3)二人目は、中学校時代のバスケット部の部活動で一緒だった同級生。たまに集まる同級会以外に会うことはなかったが、彼は市役所職員として実直な人生を送り、立派な家庭生活を送っていた。その彼は、今回の3.11に沿岸部に勤務していて被災し殉死した。葬儀は時節柄、形としては家族葬ということになったが、市長以下、多数の出席があり、ひっそりとしたものではあったが、立派な式であった。
4)三人目は、震災後半年ほどして亡くなった。人に教えてもらってそのブログには目を通していた。膵臓ガンということで、表面はかなり元気そうではあったが、ひょっとすると本人も覚悟の上か、と思える部分がすくなからずあった。そのお別れ会には、生前を偲ばせる沢山の関係者が列席していた。福島県出身の社会活動家であってみれば、3.11以後にこそ、何事かの活動の場を拡大したがっていただろうことは、容易に推測された。本人の念も残ったことだろうと思えた。
5)人には等しく誰にも訪れる、死。その事実は、どの人間にも同等である。3者には3者の人生があり、この世における接点はほとんどなかっただろうし、それぞれの個性は別ものであったが、死を前にした時、人は等しく厳粛な現実の前に立たされる。

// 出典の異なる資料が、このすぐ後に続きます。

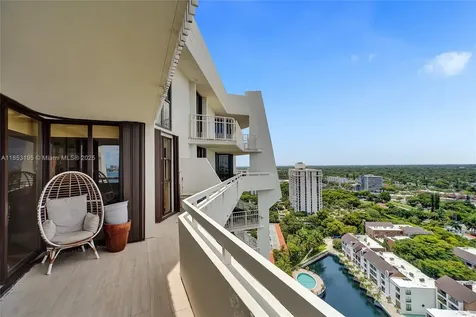 4000 Towerside Terrace Miami FL 33138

6)3人とも、50代は過ぎたとは言え、平均寿命から考えれば、早すぎた死となる。本人たちも、これでいい、と自分の人生を締めきることができたのかどうか、私にはわからない。
7)かくいう私とて、一人の人間として、死の前に厳粛な面持ちで立たされていることに変わりはない。3.11の前だろうが、その日であろうが、数カ月後、あるいは数年後であろうが、死が厳然と存在していることに変わりはない。
8)2011年の3月11日以降の読者すべての心に、本書が何か大切なものを伝えることができますように。(訳者) pv 「訳者まえがき」
9)シュタイナーは得手ではない。当ブログにおいても「神秘学概論」、「シュタイナーの世界」や「シュタイナーの宇宙進化論 」、コリン・ウィルソンの「ルドルフ・シュタイナー」、などを手にとるのだが、そこに機縁の深みを感じることはいまだない。

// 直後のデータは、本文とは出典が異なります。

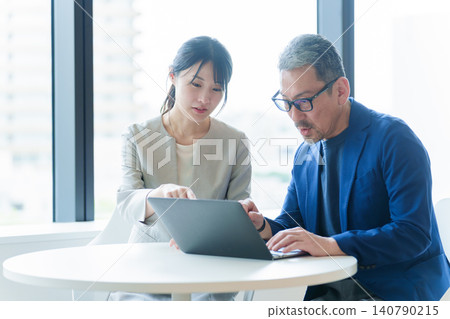 女商人教她的老闆計算機 140790215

10)今回、3.11以後において、このようなタイトルの本があると知って借り出してはきたものの、今回もまたシュタイナーを深く読み込む前に、あるいはページさえ開く前に返却期日が到来してしまった。それも止むをえまい。しかし、ただただ、こういう本があり、3.11以後の私が、何事か方向を変えようとして、この本を借り出してきては見た、という事実は残る。
11)読み込まずとも、この本の存在を感じることによって、当ブログのベクトルの方向性がしなやかに変化する。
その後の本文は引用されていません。